Here is a super easy quick tip, that you can easily (and will love to) slot into your day.
Horizontal rest.
These two words mixed with pregnancy and postpartum make my heart sing. As a pelvic floor physio, horizontal rest is the bee’s knees, especially for those first 6 weeks after birth.
Whether or not we have a vaginal birth, or a caesarean birth, a few short 5 minute bursts of horizontal rest thrown in throughout the day is enough to help with pelvic floor and abdominal recovery.

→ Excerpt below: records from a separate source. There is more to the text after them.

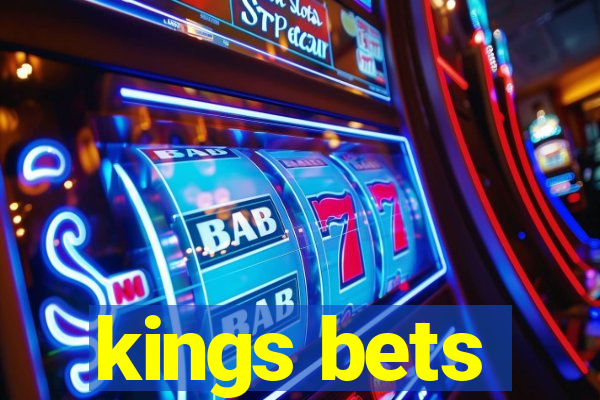 kings bets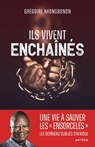 Ils vivent enchaînés - Grégoire Ahongbonon ; Thomas Oswald - 9791033611882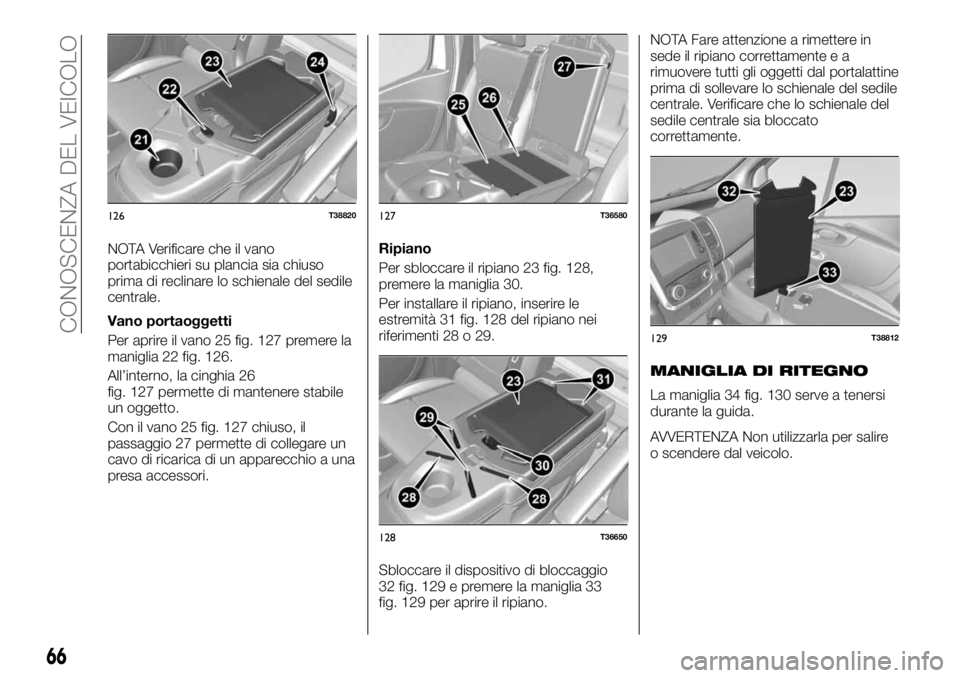 FIAT TALENTO 2018 Libretto Uso Manutenzione (in Italian) NOTA Verificare che il vano
portabicchieri su plancia sia chiuso
prima di reclinare lo schienale del sedile
centrale.
Vano portaoggetti
Per aprire il vano 25 fig. 127 premere la
maniglia 22 fig. 126.
FIAT TALENTO 2018 Libretto Uso Manutenzione (in Italian) NOTA Verificare che il vano
portabicchieri su plancia sia chiuso
prima di reclinare lo schienale del sedile
centrale.
Vano portaoggetti
Per aprire il vano 25 fig. 127 premere la
maniglia 22 fig. 126.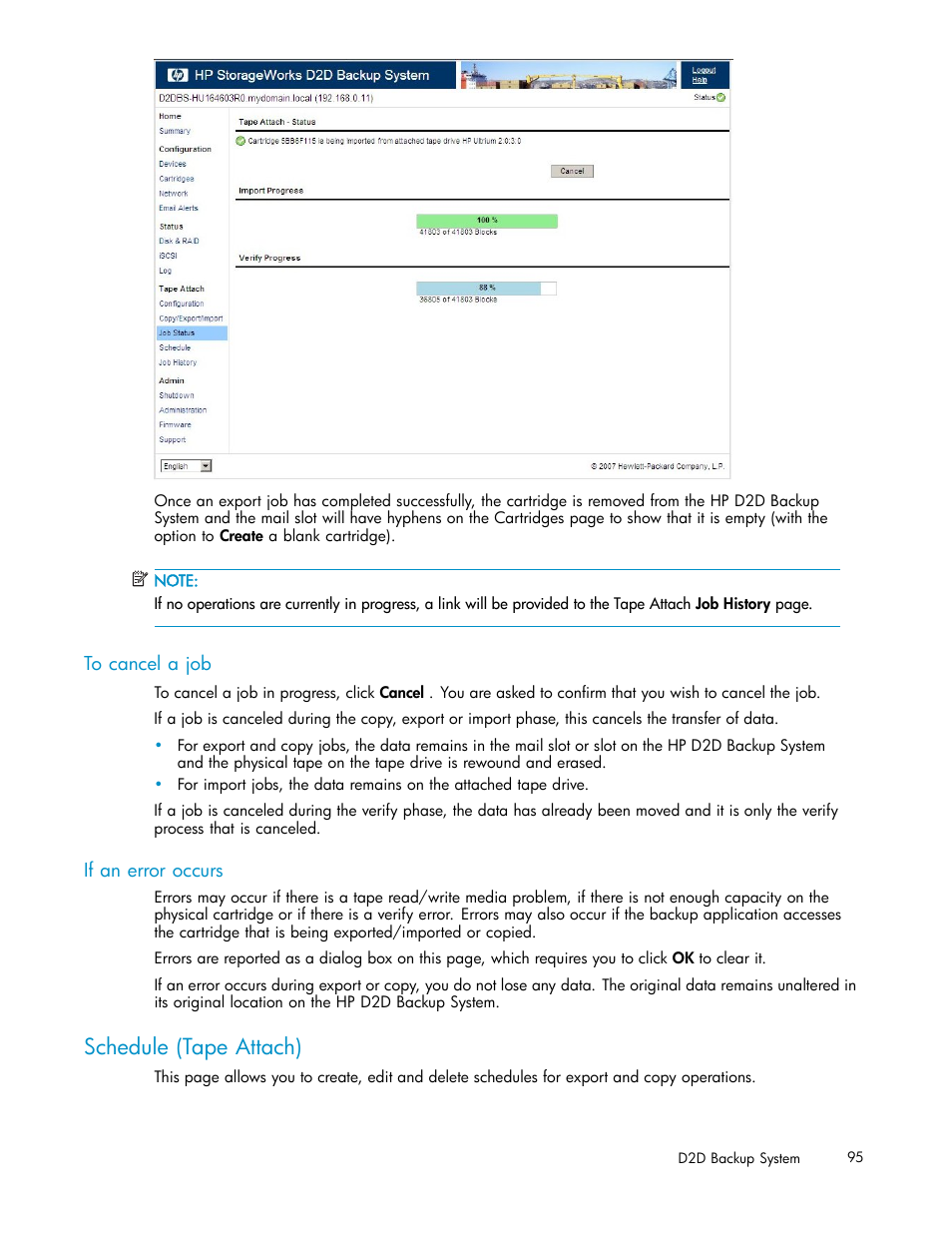 To cancel a job, If an error occurs, Schedule (tape attach) | HP D2D100 Backup System User Manual | Page 95 / 126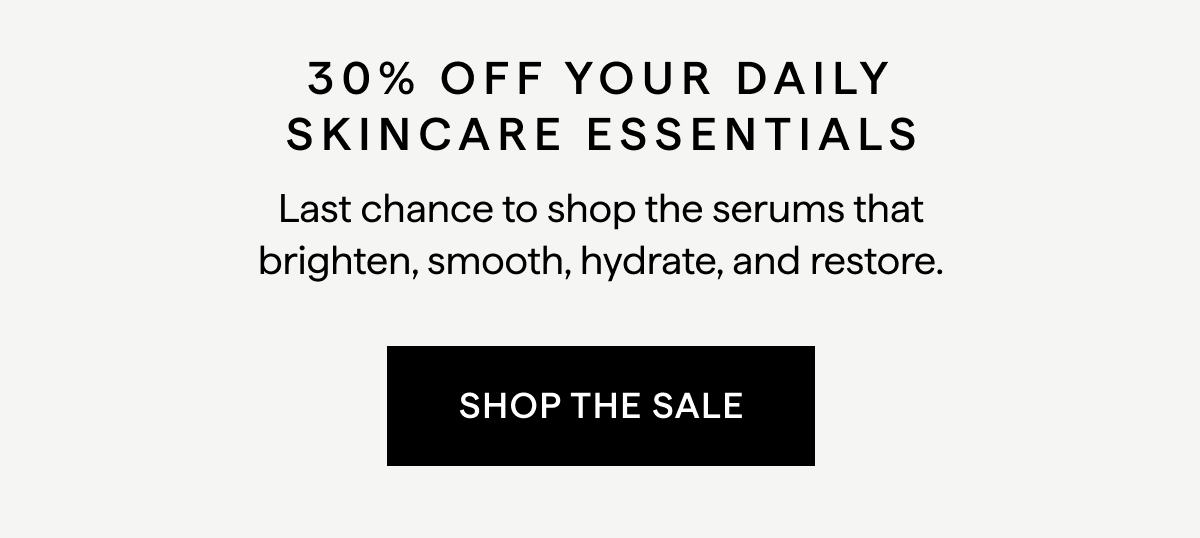 30% OFF YOUR DAILY SKINCARE ESSENTIALS 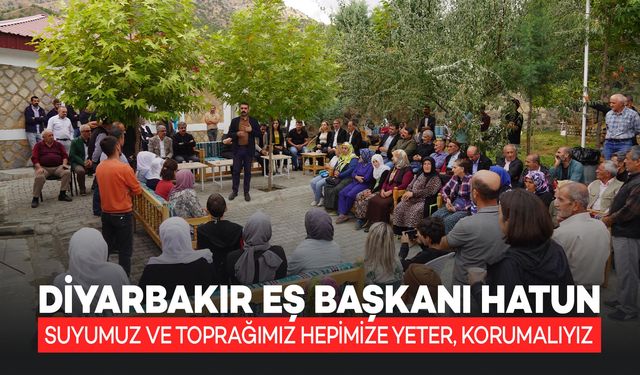 Diyarbakır Eş Başkanı Hatun: Suyumuz ve Toprağımız Hepimize Yeter, Korumalıyız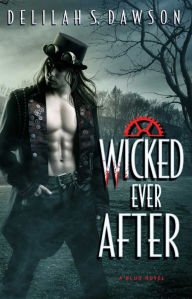 Title: Wicked Ever After, Author: Delilah S. Dawson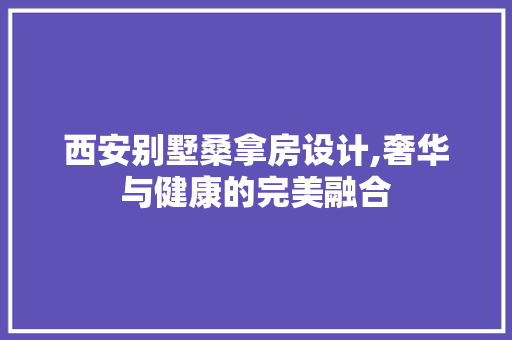 西安别墅桑拿房设计,奢华与健康的完美融合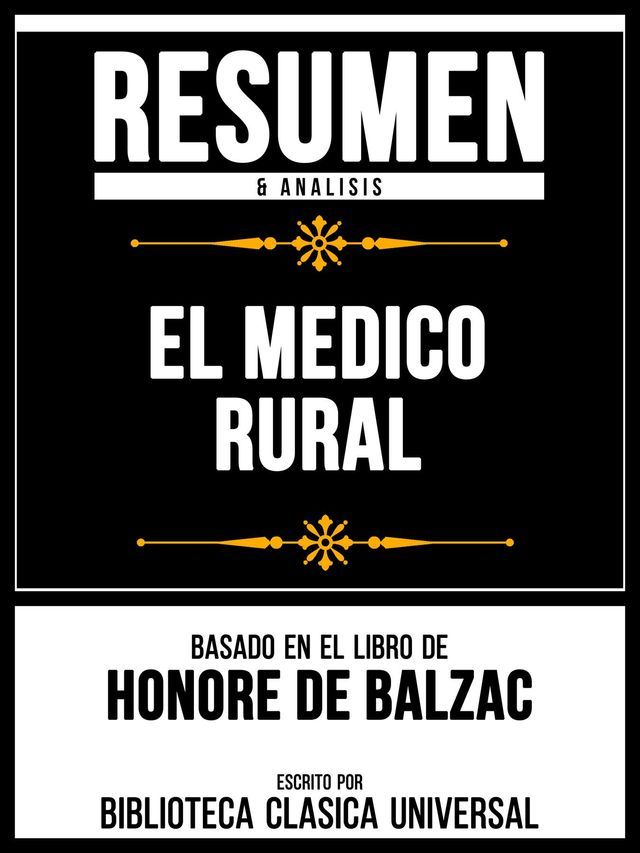  Resumen & Analisis - El Medico Rural - Basado En El Libro De Honore De Balzac(Kobo/電子書)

Let’s think of our pelvic floor area like a trampoline. Imagine before you were pregnant you had 1 kid sitting on the trampoline. Now imagine, by the end of pregnancy, you have 10 kids sitting on a trampoline. Can you imagine how much extra movement/bowing the trampoline will have? By the end of your pregnancy you can have an extra 10-15 kg sitting on top of your pelvic floor area. That’s a whole lot of extra stretch and bounce.
So if we think of our pelvic floor area like an elastic band that gets strettttccched during pregnancy and birth. We want that natural recoil to occur post birth as much as possible. We don’t want that elastic band sitting on stretch for more than we have to, right?
That is where horizontal rest comes in. A few minutes of horizontal rest can help reduce the weight of gravitational forces on the pelvic floor, reducing stretch, and improving recovery.
This is aiming to help reduce symptoms of prolapse, incontinence, pain, abdominal rectus diastasis, and more.
So ladies, let’s all throw in a few minutes of horizontal rest into our day once our baby is born (and preferably during pregnancy too).